A final vote on the plan has been put off until Friday in order to give chairmen Erskine Boles and Alan Simpson more time for their longshot bid to woo 14 of the 18 members, the minimum needed to formally submit recommendations to Congress.
The commission called for deep spending cuts, an increase in the retirement age and an overhaul of the tax code in order to take nearly $3.9 trillion cumulatively out of federal deficits through 2020, reduce the deficit to 2.3 percent of the GDP by 2015 and cut the nation’s debt to 60 percent of GDP by 2023.
Let’s Appoint a Committee! The decision to create the special negotiating group on taxes sounds like a sign both the administration and Hill Republicans really want a deal this month. And that’s how both sides are spinning it today, when the first meeting got under way among Tim Geithner, Jack Lew, Max Baucus, Jon Kyl, Dave Camp and Chris Van Hollen. But there’s still every reason to believe all the bargaining behind those closed doors, and all the partisan posturing in public, will lead nowhere but to the long-understood default setting — an extension, until after the 2012 election, of the Bush-era tax cuts for everyone.

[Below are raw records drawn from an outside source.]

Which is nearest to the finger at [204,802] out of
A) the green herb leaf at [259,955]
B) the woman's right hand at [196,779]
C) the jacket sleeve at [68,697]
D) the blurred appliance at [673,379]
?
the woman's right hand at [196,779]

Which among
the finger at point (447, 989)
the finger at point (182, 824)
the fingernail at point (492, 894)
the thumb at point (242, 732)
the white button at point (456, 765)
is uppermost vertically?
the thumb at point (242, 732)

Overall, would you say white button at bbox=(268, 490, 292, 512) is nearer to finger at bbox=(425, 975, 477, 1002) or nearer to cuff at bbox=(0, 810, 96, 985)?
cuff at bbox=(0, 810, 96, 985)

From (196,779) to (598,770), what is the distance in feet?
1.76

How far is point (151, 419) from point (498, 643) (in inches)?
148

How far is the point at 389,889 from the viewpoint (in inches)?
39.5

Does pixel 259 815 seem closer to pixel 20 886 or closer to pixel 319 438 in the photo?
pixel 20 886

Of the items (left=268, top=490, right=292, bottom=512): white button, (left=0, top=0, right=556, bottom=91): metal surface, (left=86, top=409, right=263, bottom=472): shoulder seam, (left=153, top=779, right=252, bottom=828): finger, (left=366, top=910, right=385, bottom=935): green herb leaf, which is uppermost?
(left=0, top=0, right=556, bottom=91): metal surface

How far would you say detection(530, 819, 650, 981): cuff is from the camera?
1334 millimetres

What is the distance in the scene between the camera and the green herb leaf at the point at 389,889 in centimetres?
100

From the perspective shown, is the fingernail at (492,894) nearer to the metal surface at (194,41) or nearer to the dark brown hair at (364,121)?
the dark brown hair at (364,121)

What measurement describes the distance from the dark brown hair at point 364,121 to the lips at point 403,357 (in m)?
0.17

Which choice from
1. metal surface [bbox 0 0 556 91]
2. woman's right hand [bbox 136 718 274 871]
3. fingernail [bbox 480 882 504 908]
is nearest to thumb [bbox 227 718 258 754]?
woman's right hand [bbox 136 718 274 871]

Yes, House Democrats are likely to flex their shrinking muscles with a vote this week to allow taxes to increase on income above $200,000. But that’s just a symbolic prelude. Both congressional Democratic negotiators are inclined to cut deals that appeal to the party’s centrists, while neither Kyl nor Camp has the slightest interest in abandoning the rich in the tax cut debate. (Orrin Hatch, the incoming top Republican on Senate Finance, might have been.)
But the tax talkers are not limited to talking only about taxes, and the fact that Obama has put two of his top people in the room means he’s committed to winning something in return for giving in to the GOP on the lower rates — the repeal of “don’t ask, don’t tell,” for example, or the arms control treaty or maybe even Reid’s immigration bill. All 42 Senate Republicans signaled as much today, in a letter vowing to block any lame-duck legislation until they get their way on taxes (but hinting they’d be open to deal elsewhere if they do get their way).

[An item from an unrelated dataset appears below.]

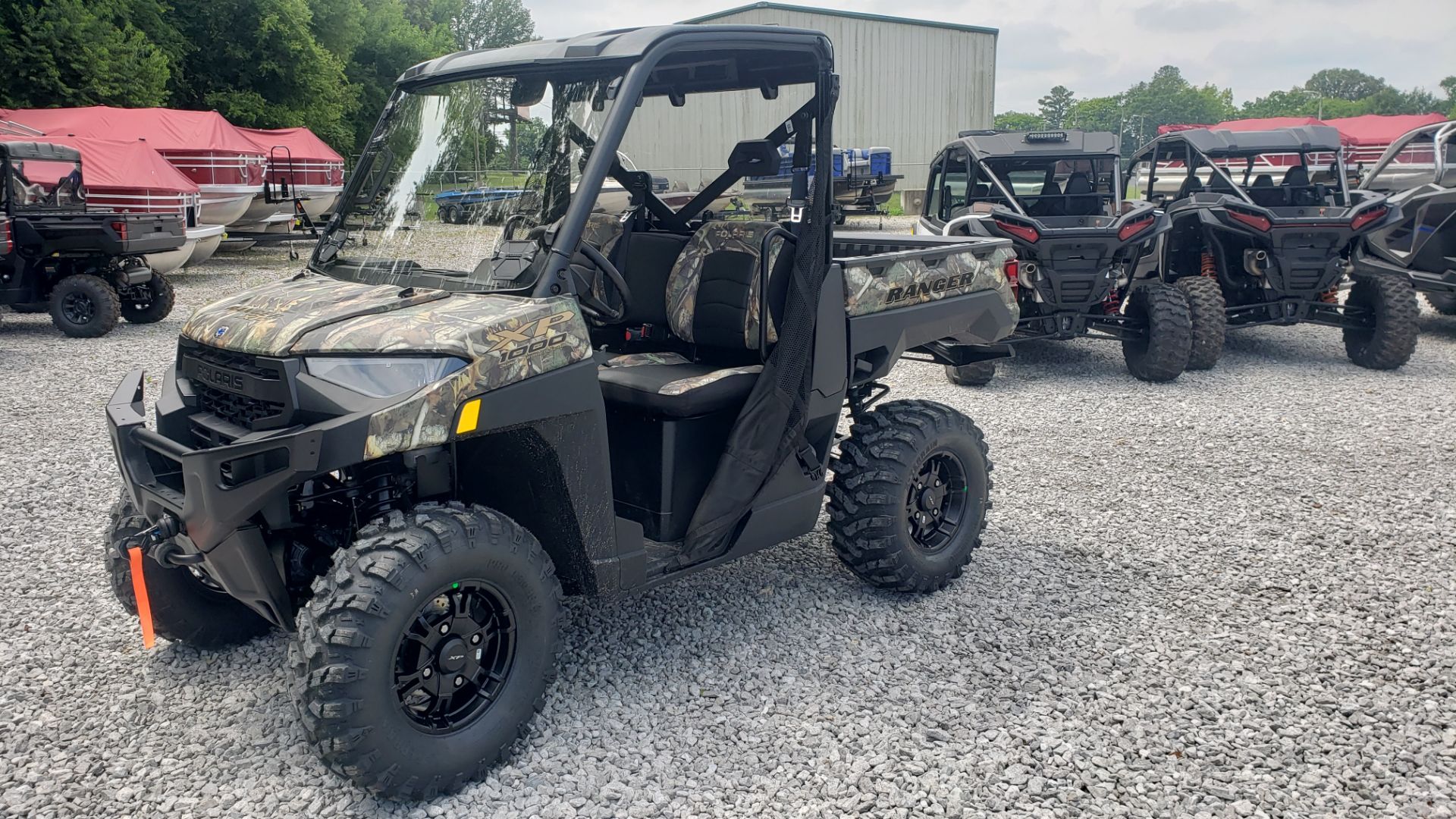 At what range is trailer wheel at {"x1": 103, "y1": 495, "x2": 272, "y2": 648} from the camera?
3625 millimetres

A Lost Lame-Duck Issue. Democrats have all but officially abandoned an item they originally labeled a “must do” in the lame duck: An extension of the jobless benefits that lapsed last night. With each month’s extension costing upwards of $4 billion, Republicans refused to go along unless there were some offsetting spending cuts, and their opposition in the Senate proved fatal. In the next there weeks, aid to 1.4 million of the unemployed will be cut off, the Labor Department estimates.
Gavels and Seats. House Republicans are sounding less and less interested in one of the defining issues of their last revolution back in 1994. Adherence to term limits — especially for committee chairmen — was once a defining principle of the caucus. But it didn’t seem to be yesterday, when the GOP Steering Committee heard from all the lawmakers in contested races to win gavels. That could give a boost to otherwise term-limited Joe Barton, who’s still a longshot to chair Energy and Commerce because of his troubled relationship with Boehner, and Jerry Lewis, who’s a contender for Appropriations mainly because neither of his rivals (Hal Rogers and Jack Kingston) is viewed as any more of a fiscal hawk.
House Democratic leaders, for their part, have something even more fundamental to worry about : How to make as many of their troops happy as possible after a midterm trouncing that effectively took away many of the seats they used to get to fill on the committees.